**WHAT YOU WILL DO:**
Copy exactly the lines of the material below that fall between the line with "Závesné svietidlo Vinci, olejovaný" and the line with "Real Touch Hydrangea", both of those lines included; pictures stay out.

**SUPPLIED RECORDS:**

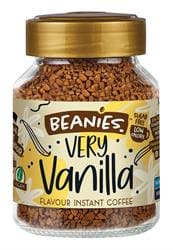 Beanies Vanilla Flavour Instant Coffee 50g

==

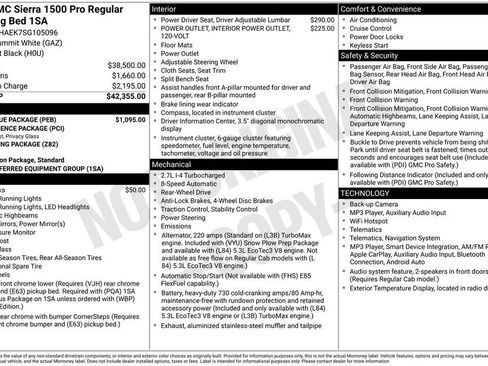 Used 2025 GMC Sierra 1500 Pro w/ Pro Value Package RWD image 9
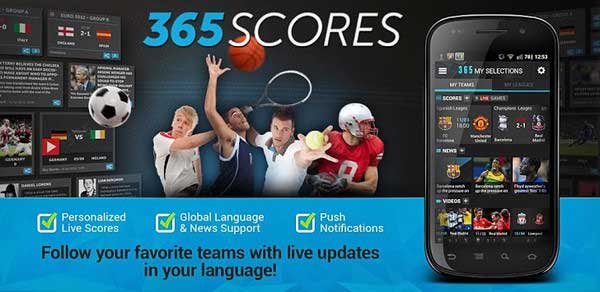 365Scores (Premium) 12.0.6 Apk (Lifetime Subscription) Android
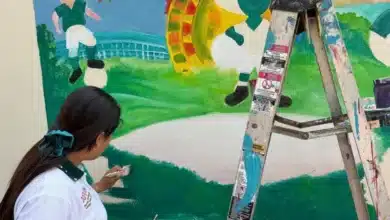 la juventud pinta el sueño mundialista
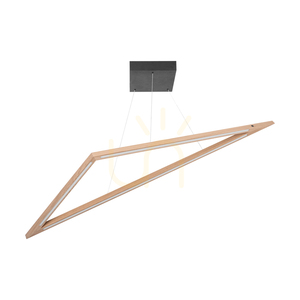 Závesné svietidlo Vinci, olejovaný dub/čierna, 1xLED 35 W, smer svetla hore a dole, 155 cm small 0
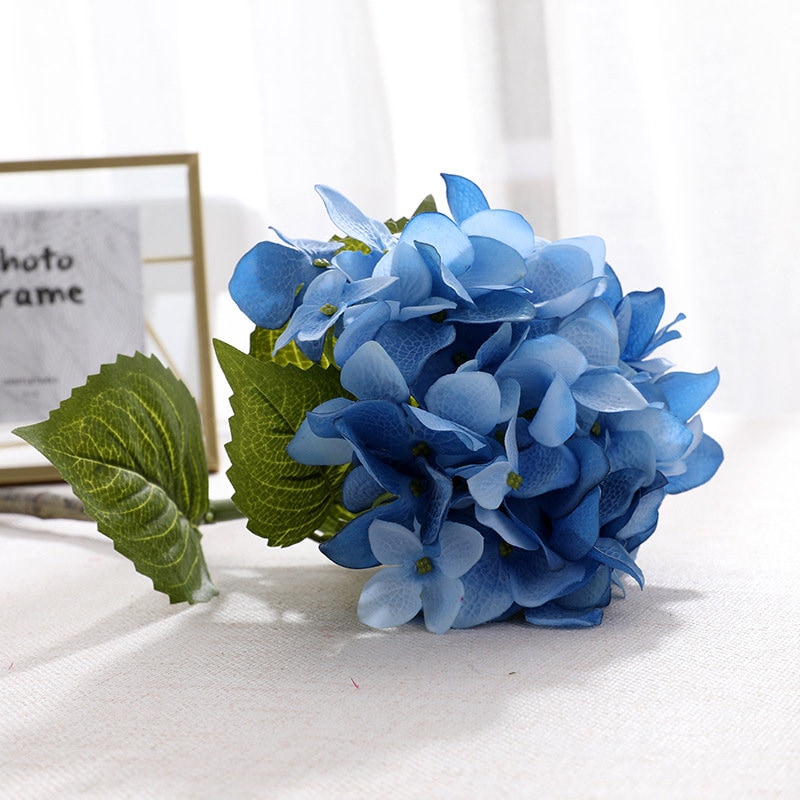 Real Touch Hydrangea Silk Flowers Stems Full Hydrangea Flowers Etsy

==

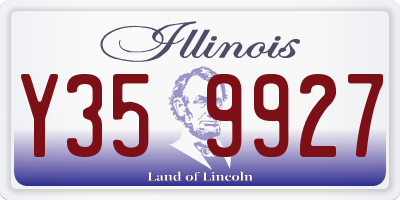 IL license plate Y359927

**WORKED SOLUTION:**
 Závesné svietidlo Vinci, olejovaný dub/čierna, 1xLED 35 W, smer svetla hore a dole, 155 cm small 0
 Real Touch Hydrangea Silk Flowers Stems Full Hydrangea Flowers Etsy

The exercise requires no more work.